Skip the pictures. Give all the data again exactly.

*** RECORDED INFORMATION ***

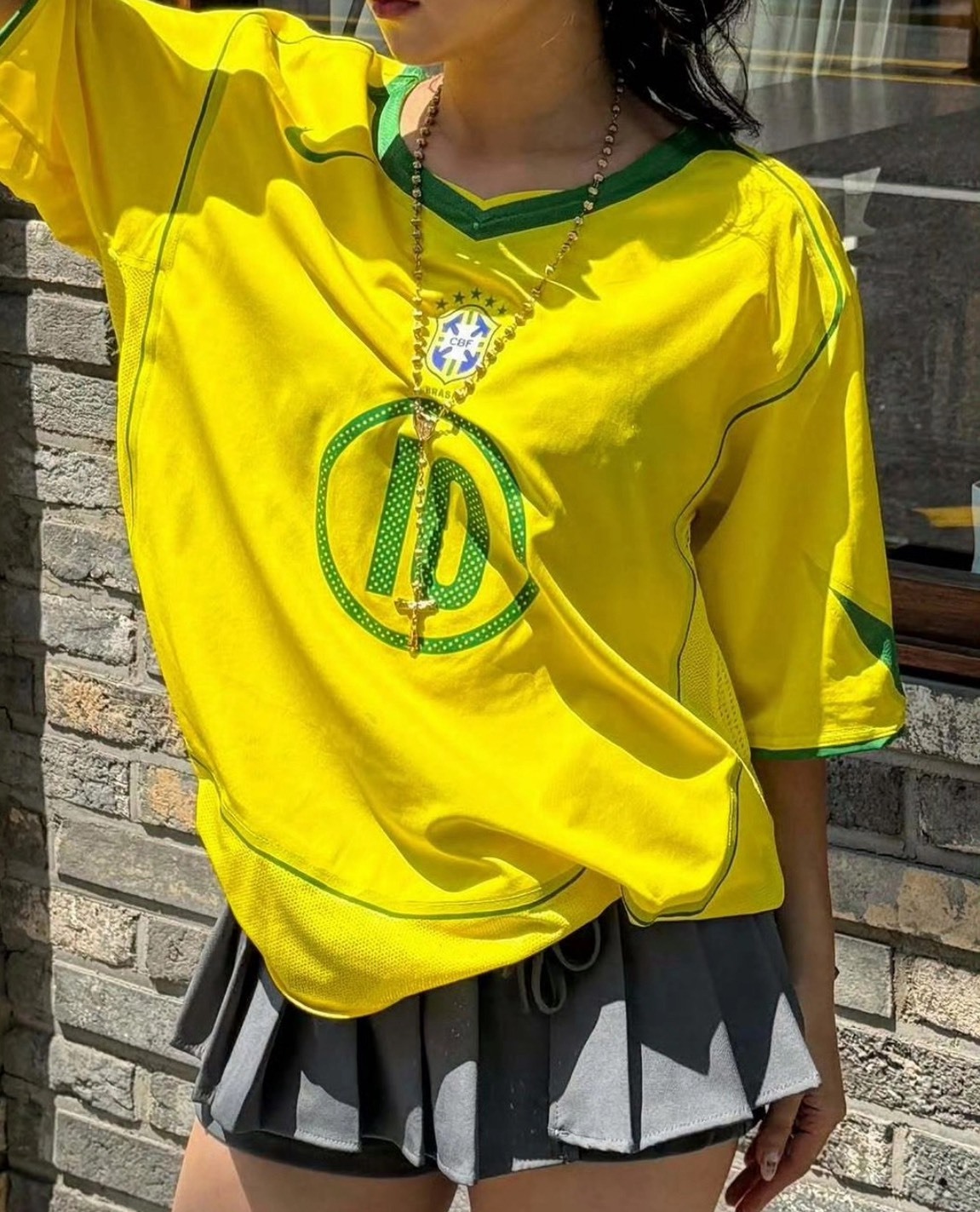 Nike 巴西隊復刻短袖T恤👕 百搭運動風 男女同款 V領足球衣款式 July25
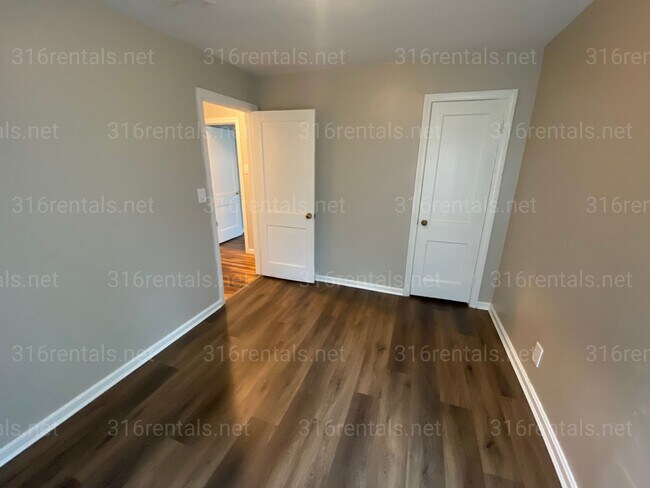 Building Photo - $950 - 2 bedroom / 1 bathroom home with a bonus loft!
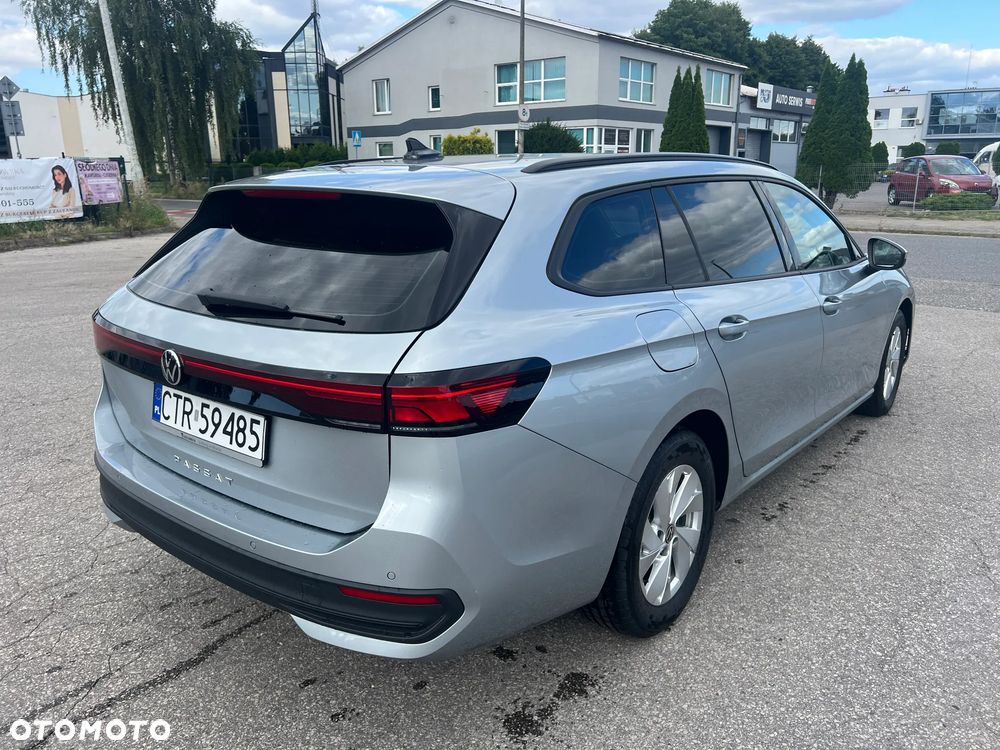 Volkswagen Passat - 4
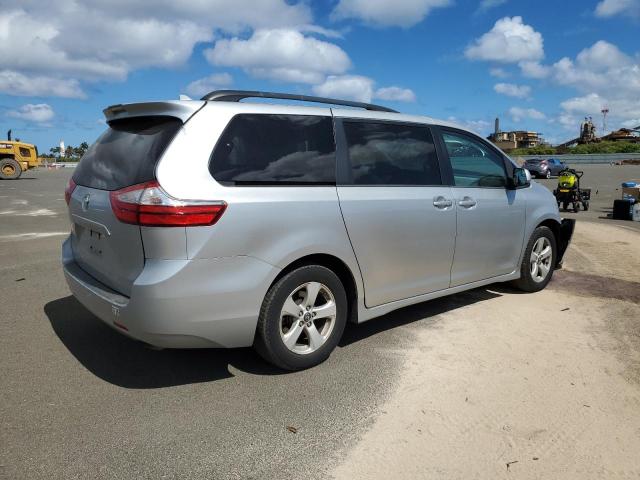 Photo 2 VIN: 5TDKZ3DC0KS982858 - TOYOTA SIENNA LE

*** End of RECORDED INFORMATION ***

- ANSWER FOR THIS EXERCISE -
 Nike 巴西隊復刻短袖T恤👕 百搭運動風 男女同款 V領足球衣款式 July25
 Building Photo - $950 - 2 bedroom / 1 bathroom home with a bonus loft!
 Volkswagen Passat - 4
 Photo 2 VIN: 5TDKZ3DC0KS982858 - TOYOTA SIENNA LE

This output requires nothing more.